Así que arremangados a lo que venga y como venga, que nadie dijo que el mar no se embraveciese más de una vez y que la vida no hubiese que ponerla una y otra vez al tablero aun a riesgo de perderla en algún envite y cada envite por encontrar la felicidad y la paz, el sosiego de saberse a gusto consigo mismo para estarlo con los demás, bien merece la pena afrontarlo, porque lo peor no sería no atreverse, sino no atreverse ni a desear. Y para saber y disfrutar de lo que es la calma es preciso pasar la tempestad; si no, sencillamente no se ha navegado en el mar de la vida. Cuando se pasa la tormenta es cuando uno sabe que ha gobernado bien el timón, con pulso firme, que nos va la vida en ello, y la vista puesta en el horizonte, y entonces respira hondo y se siente en paz y se siente grande, porque era su timón y su barco, y en su barco solo navega, como en el romance del conde Arnaldos, “quien conmigo va” y, añado yo, quien está dispuesto a fijar bien los anclajes y amarres y a coger los remos cuando se siente que el balanceo del barco va a arrojarnos al mar. Después es cuando habrá que buscar puerto seguro para reposar de la marea nuestro cuerpo y, sobre todo, nuestra alma, que siempre siente antes el frío de la soledad.

En esta navegación por mares turbulentos no viene mal recordar al poeta León Felipe: “Porque no es lo que importa llegar solo ni pronto, / sino con todos y a tiempo”, pero lo importante es ser capaces de llegar a lo largo de nuestra vida, que, lejos de ser una carrera al sprint, es una carrera de fondo y, claro, acaba cansando más y exigiendo más para nuestro reposo. Y no nos valdrá solo pisar tierra firme, ni siquiera una buena fonda donde calentar el cuerpo, como tan bien les valía a los piratas; necesitaremos para sabernos en puerto seguro un corazón que nos cobije el alma, unos ojos que brillen cuando estén frente a los nuestros y una boca dibujando una sonrisa, incluso cuando la mar estaba más picada, y que diga sí cuando bien podría haber dicho no; y siempre un contigo y por ti, soñando la eternidad que da el saberse eterno cada día cuando amanece.

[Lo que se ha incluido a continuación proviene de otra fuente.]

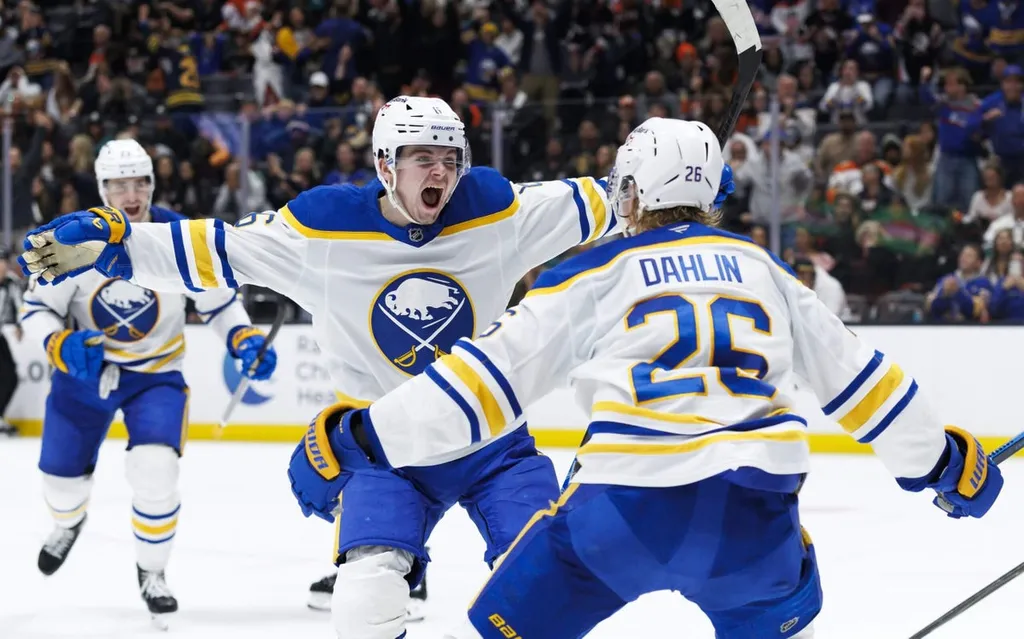 How much did 4 slogans help Sabres get back to NHL playoffs after 15 years?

Entonces, solo entonces, sabremos que hemos llegado a nuestro puerto seguro y no saldremos más a surcar los mares en busca de tesoros que quizás abriguen el cuerpo, pero que dejan el alma a la intemperie, porque, como escribe Julián Marías, “cuando nos decimos: sí, esto es, somos felices, aunque lo pasemos mal, aunque la situación sea difícil y penosa”.